Non si dà pace il Bocia. "Sento tutti i giorni mia sorella, i miei fratelli e i miei nipoti perché è da un mese che non posso salire a Bergamo e loro sono chiusi in casa da 20 giorni: mi raccontano che tanti amici di famiglia, parenti e i conoscenti sono deceduti nel quartiere Aredona, dove sono nato. Abbiamo perso un’intera generazione di anziane, morti fra atroci sofferenze e senza neppure poter salutare o abbracciare per un’ultima volta i propri cari. Persone decedute come se fossero numeri".
Si ferma il capo ultrà dell’Atalanta. Ribadisce che "i bergamaschi sono stati bistrattati e bisognava dare ascolto alle richieste dei primi cittadini di Alzano e Nembro. E poi oggi ho parlato col sindaco di Gandosso, uno dei più giovani d’Italia...era in lacrime, ha visto morire un ragazzo di 23 anni ricoverato per un incidente in moto e deceduto a causa di coronavirus...".

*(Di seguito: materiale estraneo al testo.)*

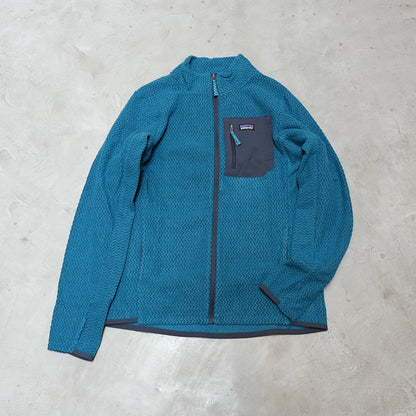 【patagonia】パタゴニア Kids' R1 Air Full-Zip Jacket "2Color"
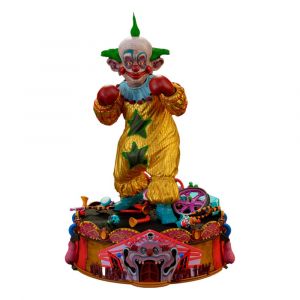 Killer Klowns from Outer Space Premier Series Statue 1/4 Shorty 56 cm Premium Collectibles Studio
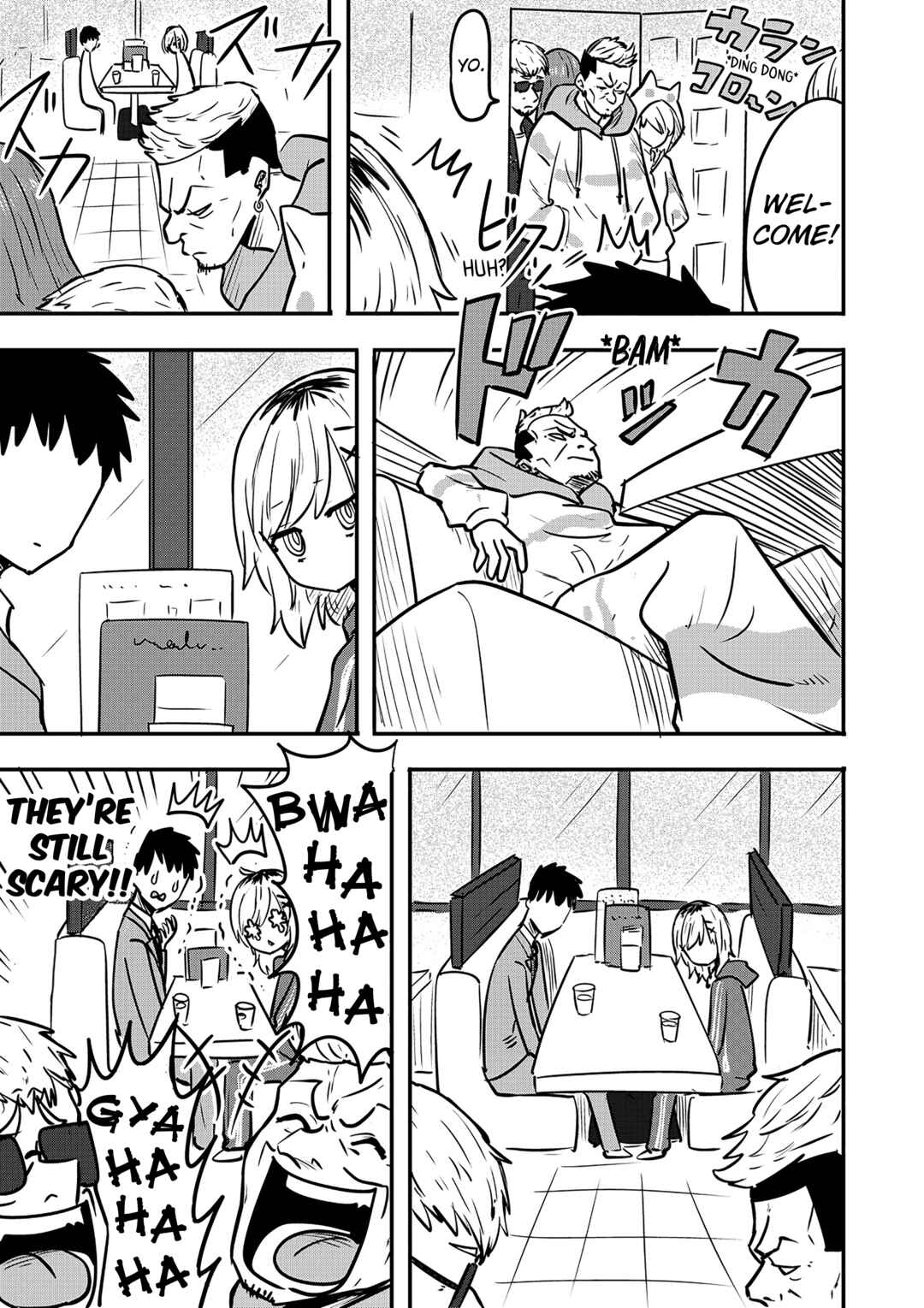 Chapter 18.5 - Page 1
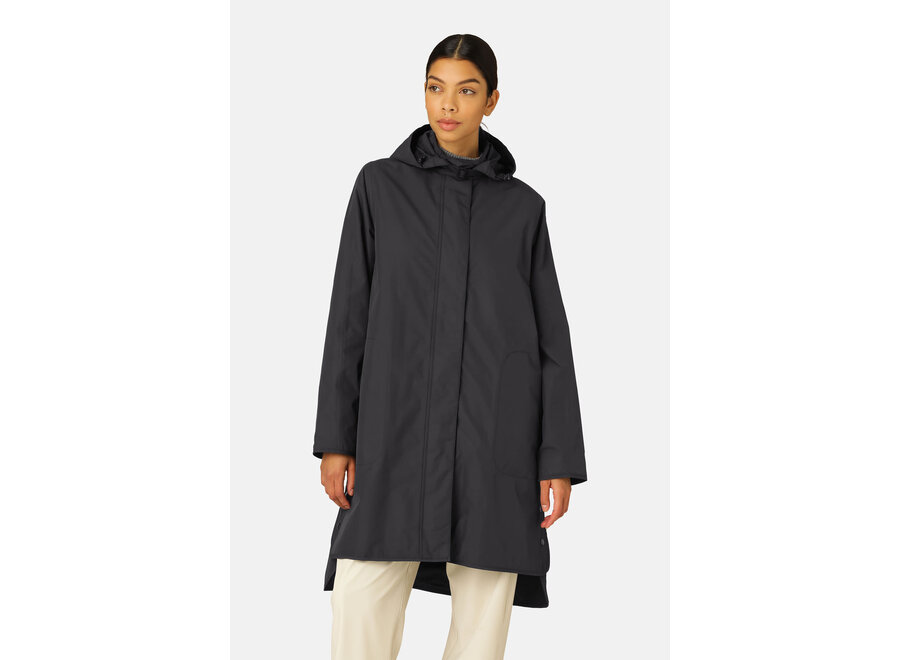 RAIN200 PADDED RAINCOAT- Click for more colours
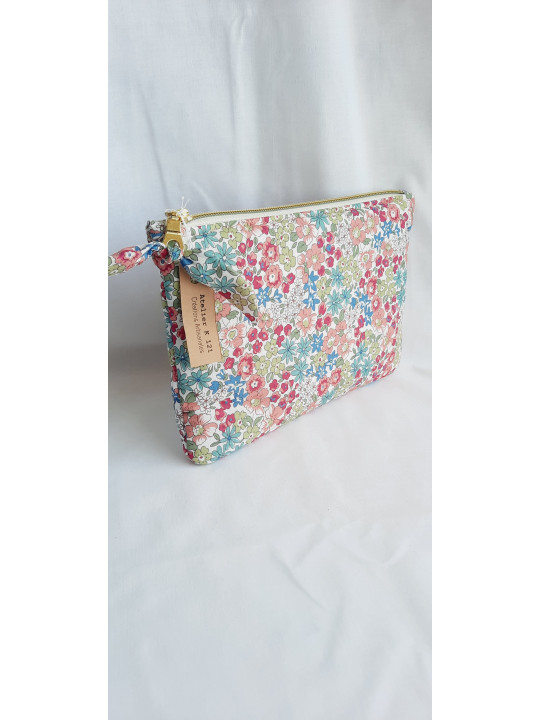 Trousse plate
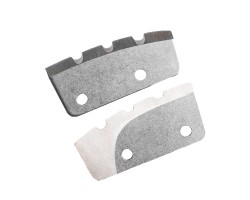 Нож для шнека по льду Champion 200мм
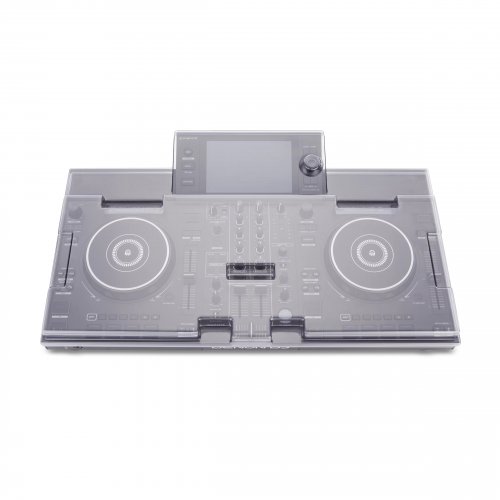 Decksaver Denon SC Live 2 Cover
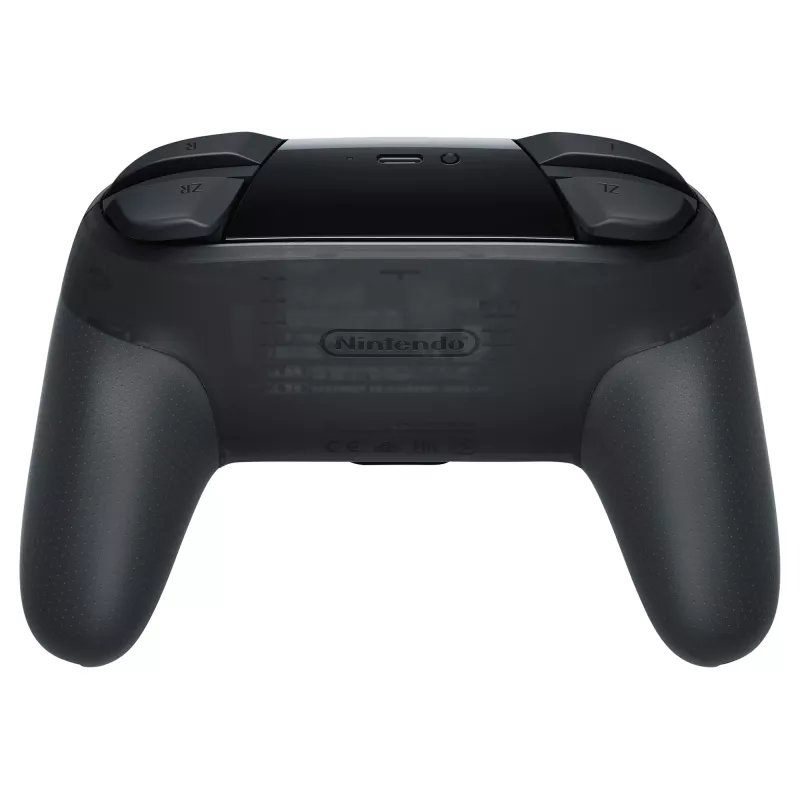 Nintendo Switch Pro kontroller Must Bluetooth Gamepad Analogue / Digital Nintendo Switch, PC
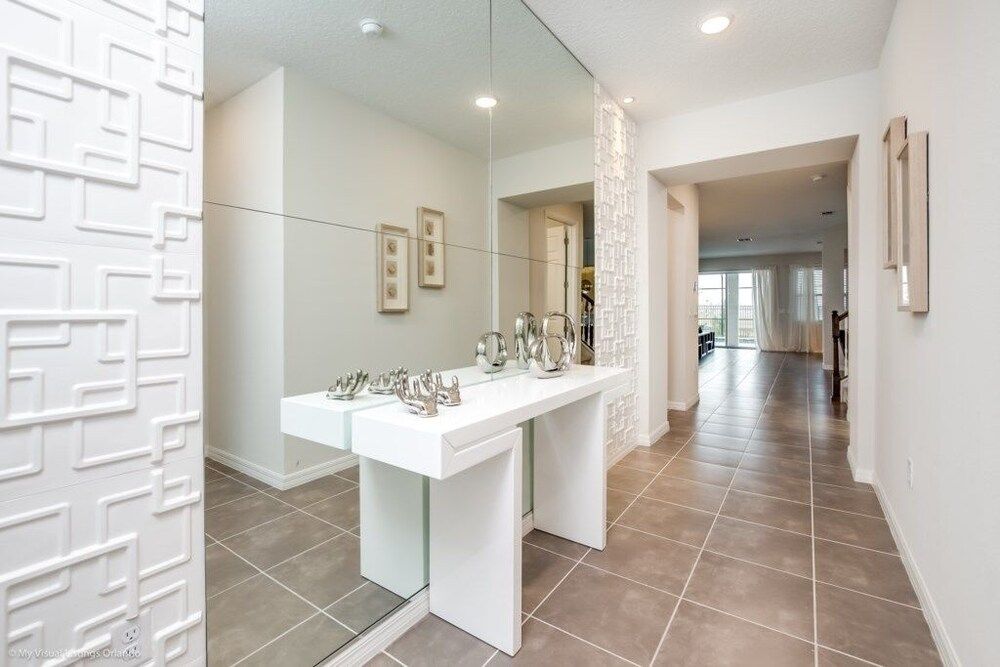 Solara Resort 9 Bedroom Resort Villa by RedAwning Villa, Multiple Bedrooms 23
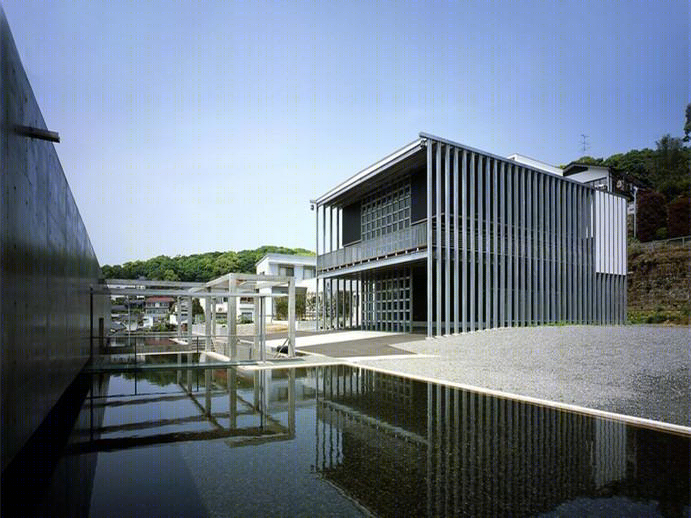 佐世保Kuhon·ji佛寺丨Furuichi and Associates-7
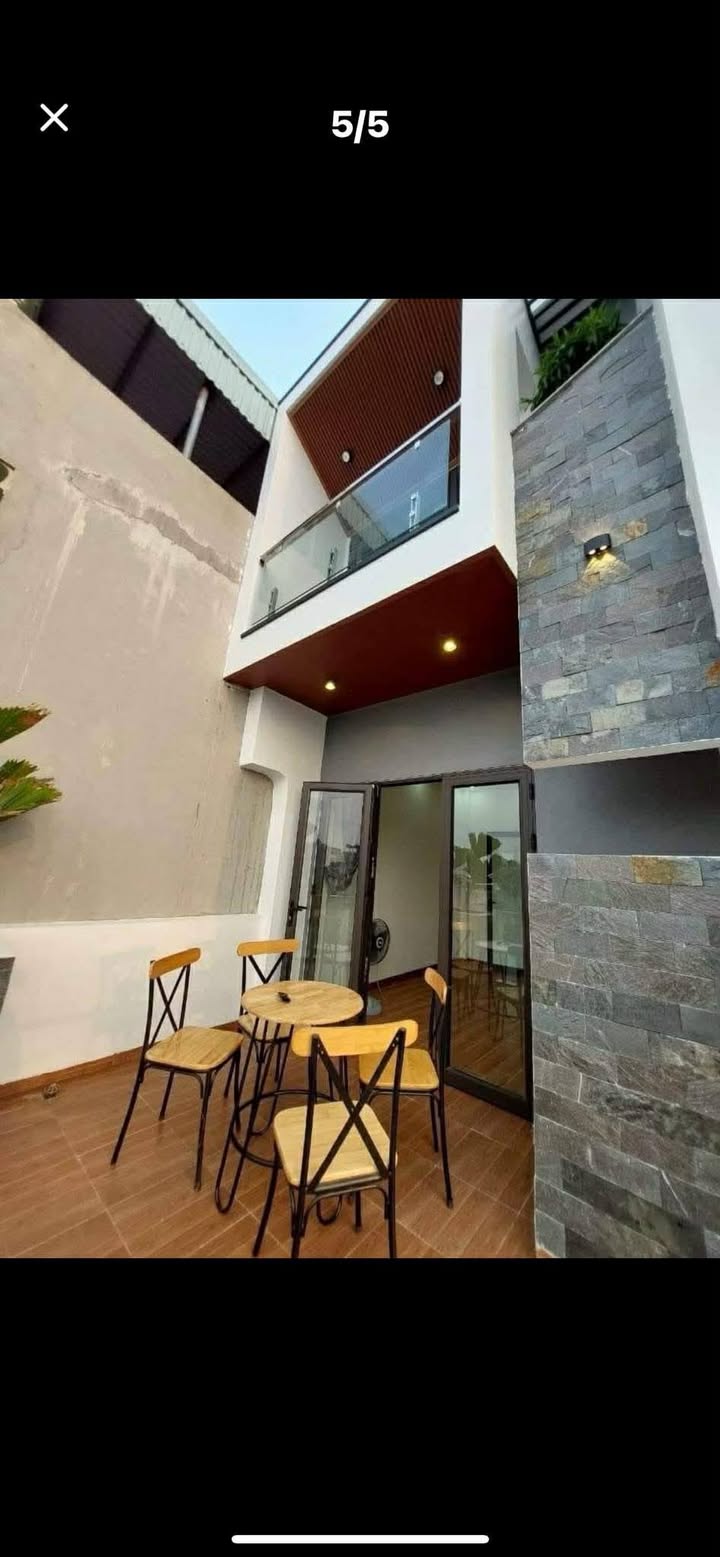 Nhà 3 tầng mặt hồ Giải Phóng Nam Định 50m² giá 2.6 tỷ - Đầu tư sinh lời ngay!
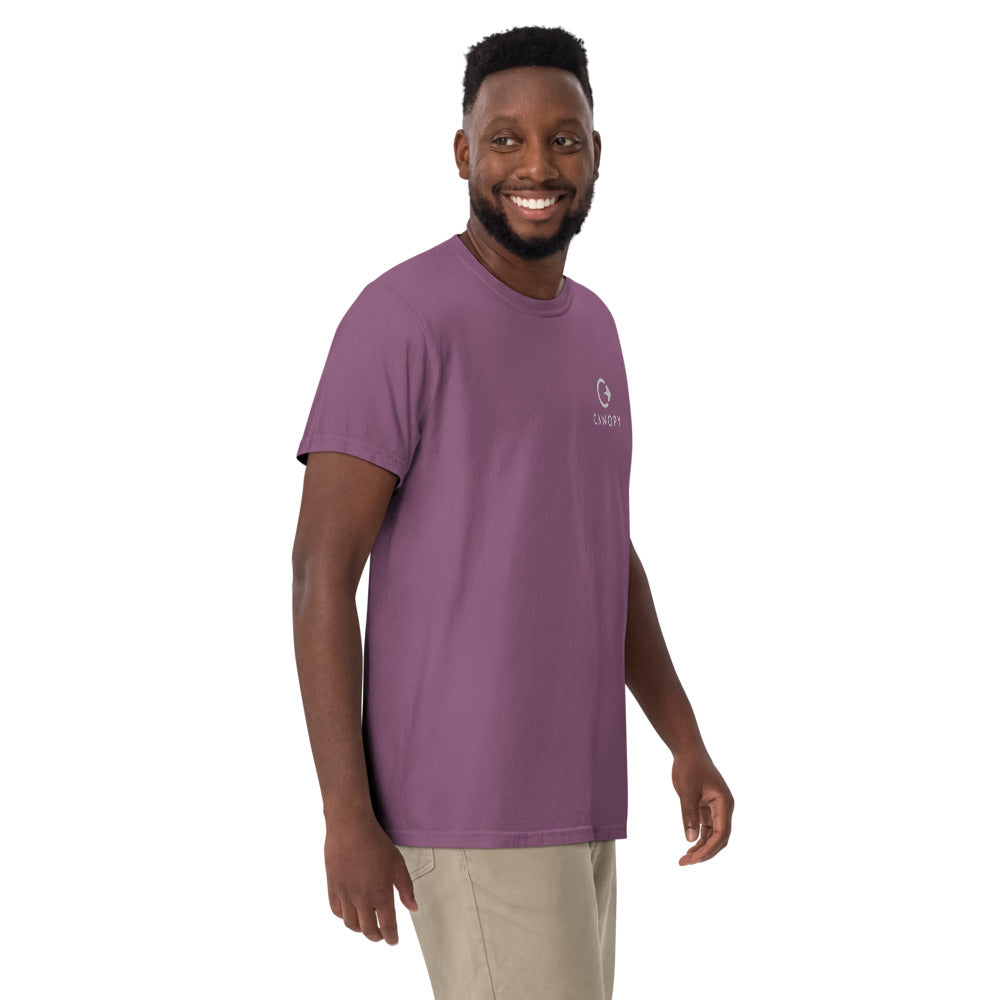 Canopy Comfort Colors Tee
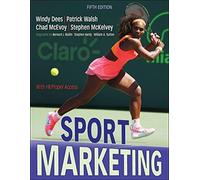 Sport Marketing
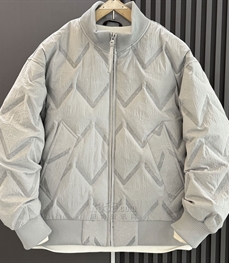 市场上装-棉衣/羽绒服-休闲棉服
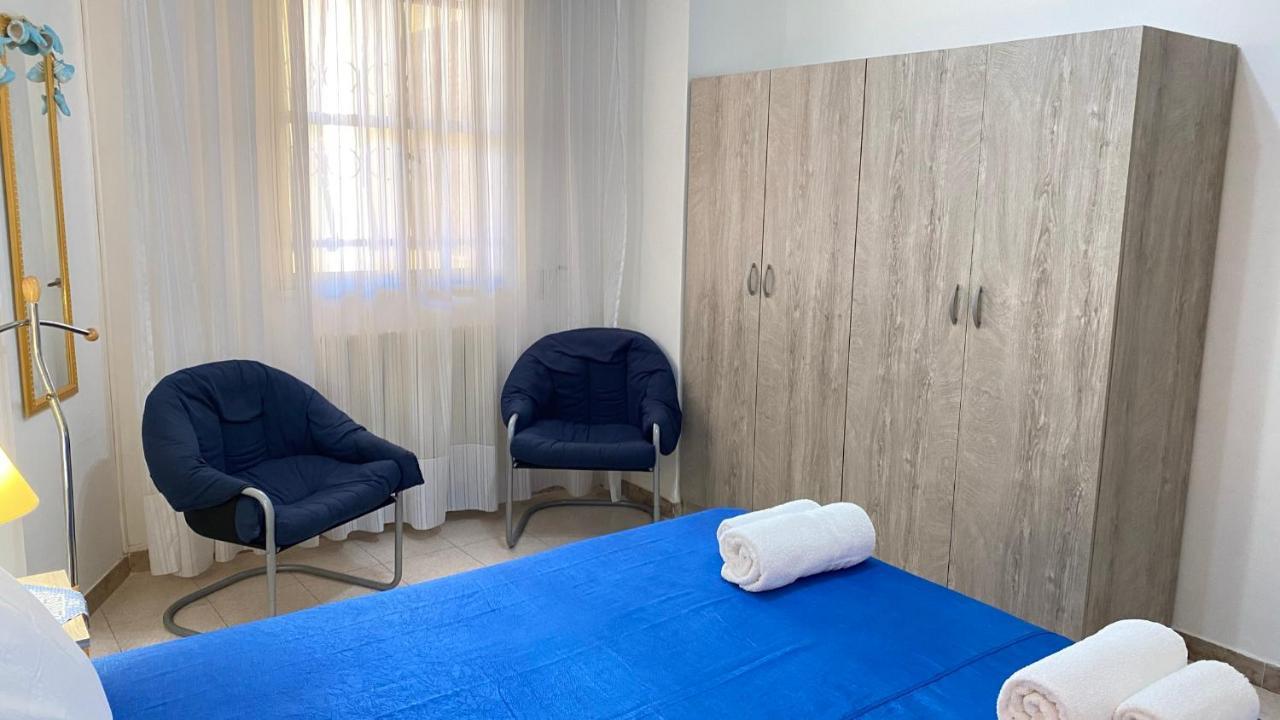 Gallipoli Lido Center Apartament 1 Eksteriør bilde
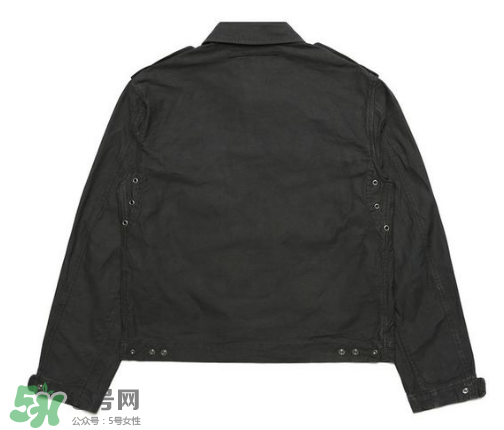 vlone與fragment design聯(lián)名系列服裝怎么樣_好看嗎_款式有哪些？
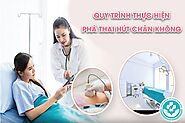 Tổng quan toàn diện về phá thai hút chân không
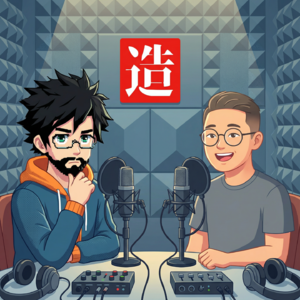 自由不是躺平：刷题算法工程师到数字游民，出海 SaaS 到 X 自媒体增长营销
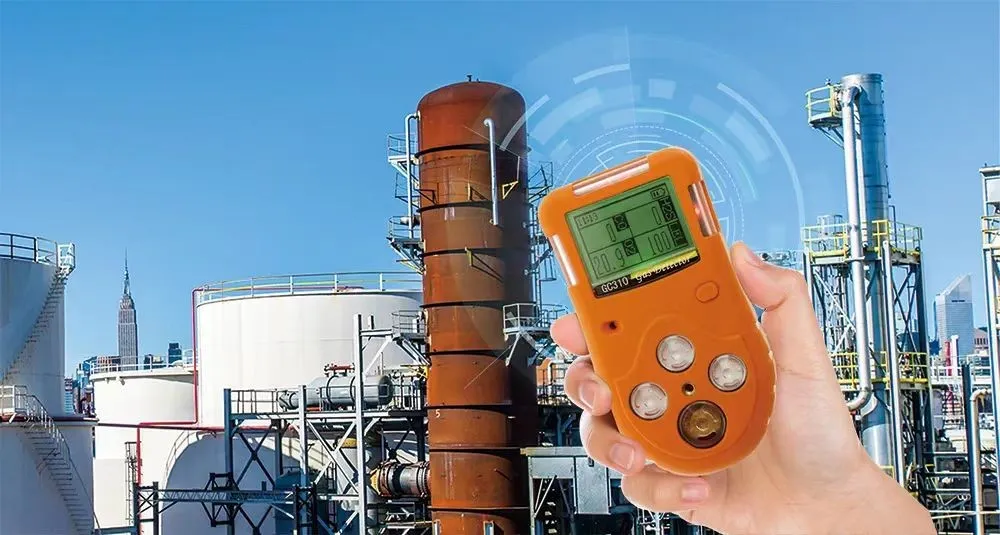 有限空间作业安全指南：从风险识别到科技防护的全链条攻略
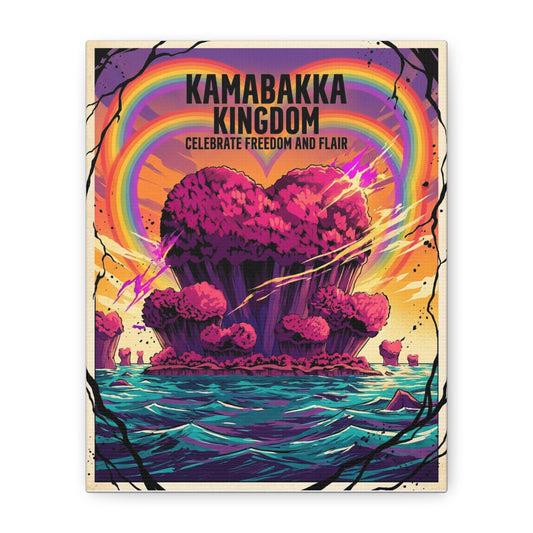 Kamabakka Kingdom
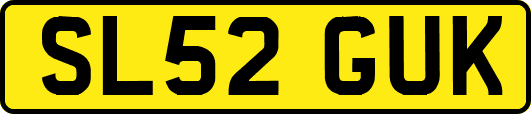 SL52GUK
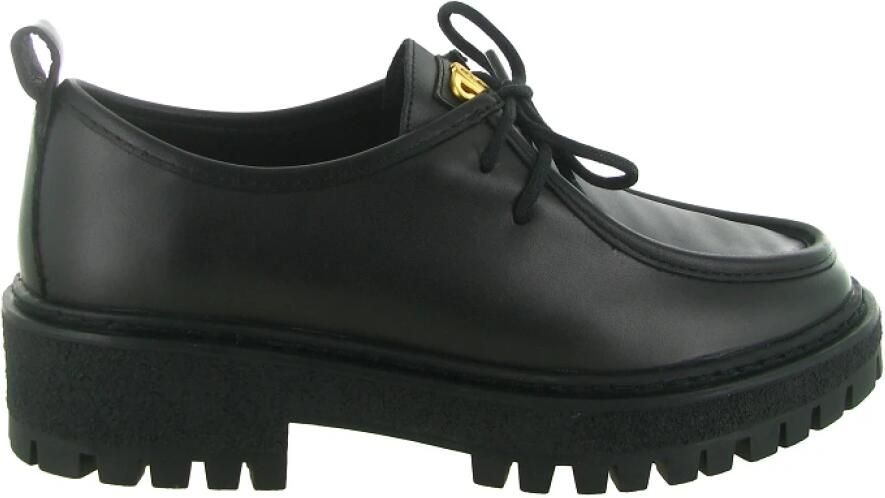 Bibi Lou Laced Shoes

Di una cosa però il Bocia è sicuro: "Tutto è cominciato il 19 febbraio, la maledetta sera della partita di Champions col Valencia, quella del contagio... Non è un caso che due giorni dopo ci sia stato il primo “positivo“. Quella sera a San Siro erano in 45mila a sostenere l’Atalanta, tanti del lodigiano visto che abbiamo tifosi a Codogno e Crema. Proprio le zone del più alto tasso di contagio. Non solo: in quel weekend si giocò a Pesaro la FinalFour della Coppa Italia di basket, per me così si spiegano l’altro focolaio a Cattolica".